Membangun Jaringan Banjar-Mekah

            Rukun Islam yang kelima adalah menunaikan ibadah haji. Seorang muslim yang taat dan mempunyai kemampuan akan berusaha untuk menunaikannya. Bagi masyarakat Muslim Banjarmasin, menjadi “haji” merupakan obsesi mereka. Sejak Islamisasi Banjarmasin berlangsung, telah ada orang-orang Muslim Banjar yang pergi menunaikah haji ke Mekah. Di antara mereka adalah Haji Batu atau Syekh Abdul Malik yang menunaikan ibadah haji dari Banjamasin pada abad 16. Pada abad 17, Datu Kandang Haji dari Paringin dan Datu Ujung dari Banua Lawas-Rantau telah menunaikan haji. Abad 18, terkenal Datu Sanggul telah pulang pergi ke Mekah, Haji Matahir yang dikenal Haji Muhammad Taher dari Negara yang menunaikan ibadah haji bersama rombongan yang banyak; disusul oleh Datu Kalampayan-Syekh Muhammad Arsyad Al-Banjari, Datu Nafis-Syekh Muhammad Nafis dari Kelua, serta Datu Abulung-Syekh Abdul Hamid Abulung-Martapura.

            Para Datu yang merupakan ulama Banjarmasin berperan dalam Islamisasi Banjarmasin dari abad 16 hingga awal abad 19 tersebut tidak hanya menunaikan ibadah haji. Setelah menyelesaikan manasik, mereka tidak langsung pulang ke kampung halaman. Mereka melanjutkan aktivitas mereka dengan menuntut ilmu di Mekah dan Madinah. (Islamisasi Banjarmasin, hlm. 420)   Dari sini, terciptalah jaringan ilmiah Banjar-Mekah.

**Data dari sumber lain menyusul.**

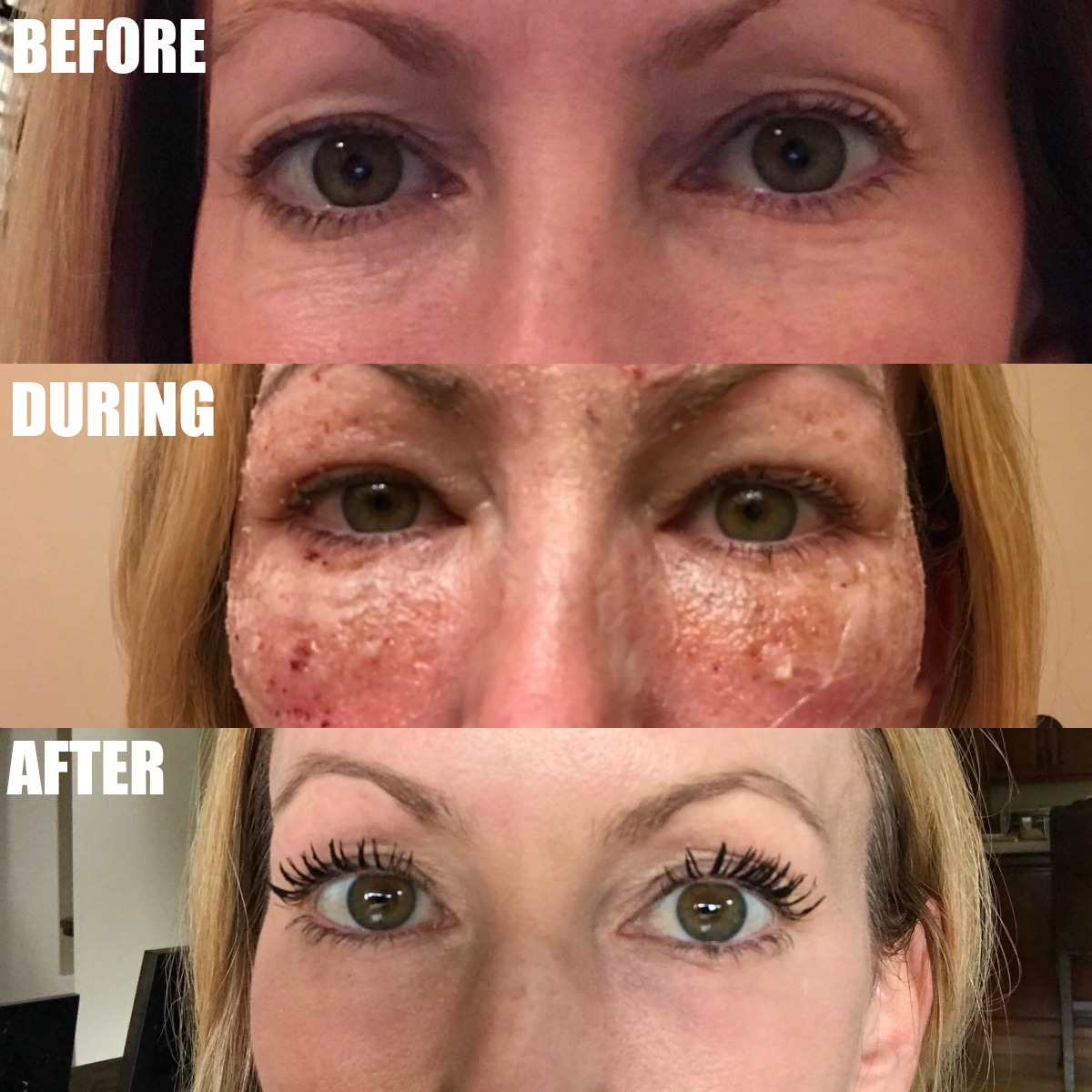 The Stylish Housewife CO2 Laser Before And After Archives The Stylish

            Barangkali nama yang paling terkenal dalam jaringan itu adalah Syekh Muhammad Arsyad Al-Banjari. Ia diberangkatkan oleh Sultan Tahlilullah ke Mekah untuk menunaikan ibadah haji dan menuntut ilmu atas biaya dari kesultanan. Muhammad Arsyad tinggal di istana dan dibesarkan sebagai putra angkat Sultan Tahlilullah sejak ia berusia tujuh tahun. Selama 30 tahun di Mekah dan 5 tahun di Madinah, ia mempelajari banyak ilmu. Ia bahkan dipromosikan sebagai guru besar mazhab Syafi‘i oleh salah seorang gurunya yang terkenal, Syekh Atha‘illah ibn Ahmad Al-Mishri Al-Azhari.

            Pada 1772, Muhammad Arsyad bersama ketiga sahabatnya: Abdush Shamad Al-Palembani, Abdul Wahhab Bugis, dan Abdurrahman Misri, kembali ke tanah air. Sesampainya ke Kalimantan, Muhammad Arsyad disambut oleh Sultan Tamjidullah. Ia kemudian bergelar Maulana Syekh Muhammad Arsyad Al-Banjari. Ia hidup dalam masa pemerintahan tiga sultan, yaitu Sultan Tamjidullah, Sultan Tahmidullah (memerintah 1778-1808), dan Sultan Sulaiman.

            Kehadiran Syekh Muhammad Arsyad Al-Banjari ini membawa sinar yang lebih terang dalam syiar Islam di Kalimantan. Di kampung halamannya, ia menjalankan peran keulamaan dalam bidang pendidikan dan dakwah. Sebagai contoh, ia membetulkan kiblat masjid, melakukan pemurnian akidah karena masyarakat Muslim setempat masih dipengaruhi kepercayaan dan praktek-praktek pra-Islam, seperti upacara “menyanggar” dan “membuang pesilih” yang bertujuan menyembuhkan penyakit, menghilangkan sial dan mengabulkan permohonan melalui dukun yang berkomunikasi dengan roh.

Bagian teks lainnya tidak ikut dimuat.